The EML can contain descriptions of the sampling and data processing methods. Study extent can be documented here as well to report a more specific geographic area as well as the sampling frequency. Descriptions of sampling procedures, quality control, and steps (sample or data processing) can be given in the same way as the methods section of a scientific paper.

r fontawesome::fa("flag", fill="darkblue", prefer_type="solid") OBIS best practice is to add sampling facts to the extended MeasurementorFact extension, linked to the sampling events in the Event core via eventID.

Citations

The dataset citation allows users to properly cite your dataset in further publications or other uses of the data. When users download datasets from the OBIS download function, a list of the dataset citations packaged with the data in a zipped file is provided.

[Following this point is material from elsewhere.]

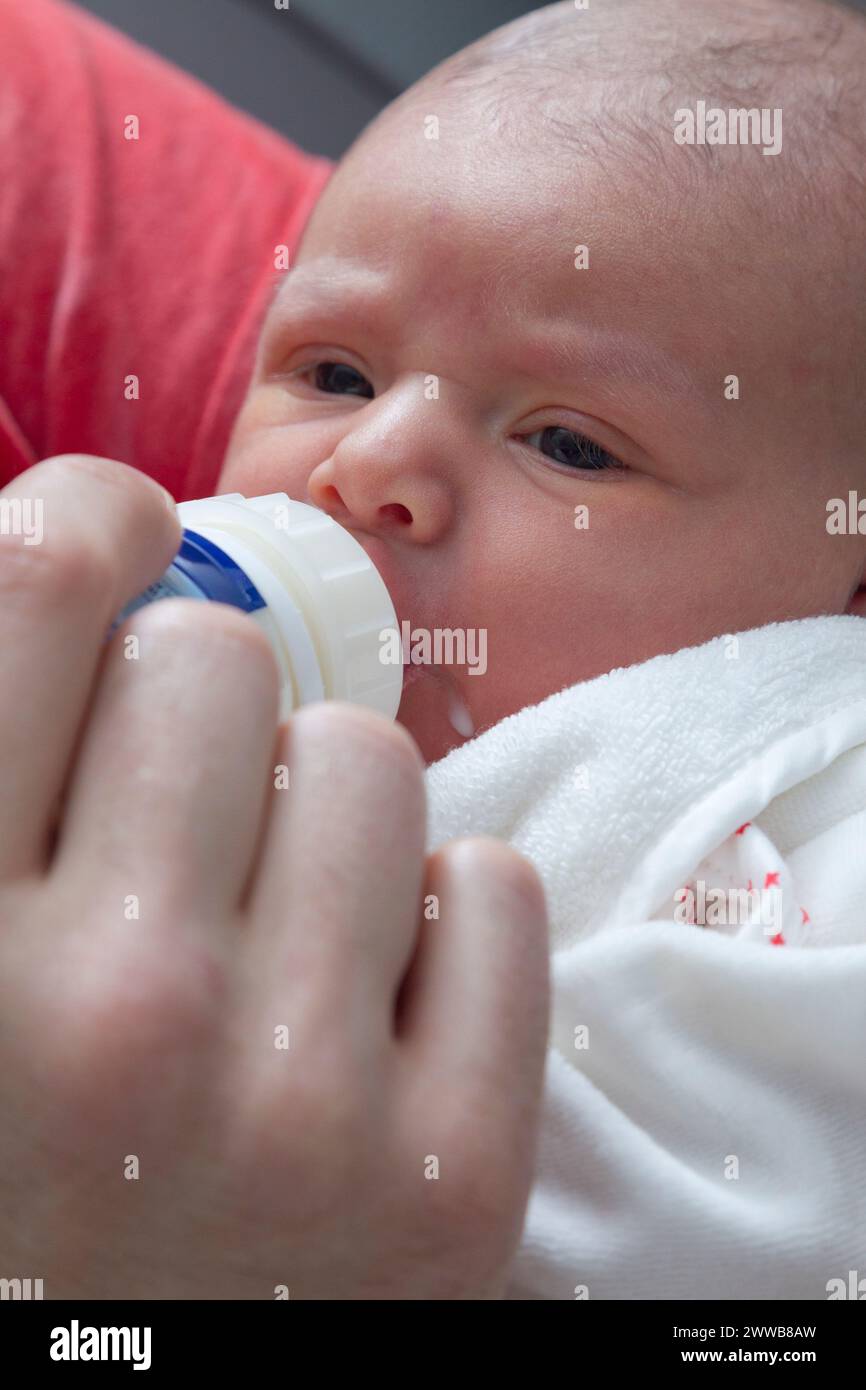 Père donnant le biberon à son enfant à la maternité. Banque D'Images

A dataset citation is different from the data source citation (in case the data is digitized from a publication), and these references can be added to the additional metadata (see bibliography below). A dataset citation can have the same format of a journal article citation, and should include the authors (contact, creator, principle investigator, data managers, custodians, collectors…), the title of the dataset, the name of the data publisher (or custodian institute), and the access point URL to the resource.

GBIF's IPT has an auto-generation - Turn On/Off - tool to let the IPT auto-generate the resource citation for you. The citation includes a version number, which is especially important for datasets that are continuously updated. The dataset citation can also include a Citation Identifier - a DOI, URI, or other persistent identifier that resolves to an online dataset web page.

The OBIS node data managers should try to implement a certain degree of format standardization for the dataset citations. The IPT provides an option to auto-generate a citation based on the EML and is formatted as follows: {dataset.authors} ({dataset.pubDate}) {dataset.title}. [Version {dataset.version}]. {organization.title}. {dataset.type} Dataset {dataset.doi}, {dataset.url}

Bibliography

The EML can include the citation of the publications that are related to the described dataset. They can describe the dataset, be based on the dataset or be used in this dataset. Publications can be scientific papers, reports, PhD or master theses. If available, the citation should include the DOI at the end.

This overview will contribute to a better understanding of the data as these publications can hold important additional information on the data and how they were acquired.

Collection Data

This IPT section should only be filled out if there are specimens held in a museum. If relevant, it is strongly recommended that this information is supplied by the data provider or left blank. The collection name, specimen preservation method, and curatorial units should be provided, as applicable.

Screenshot of the Collection Data page showing what information can be provided for museum specimens{width=70%}

External Links

This section can include URLs to the resource homepage, to download or find additional information. You can also provide links to your resource if it is hosted elsewhere in different formats.

Links to the online dataset on the OBIS website can be added once the data is available there. For these OBIS links, the required fields should be completed as follows:

  • Name: online dataset
  • Character set: UTF-8
  • Data format: html

If other links are added, then the data format for web-based data is ‘html’. If the link refers to a file, the data format of the file will need to be added (e.g. .xlsx, .pdf …). The character set for all Darwin Core files is UTF-8, whereas for other web pages this can vary, so you may need to confirm.

Additional Metadata

Any remaining information that could not be catalogued under any of the other metadata, can be mentioned here. This may include logos, purpose of the dataset, a description of how the dataset will be maintained, etc.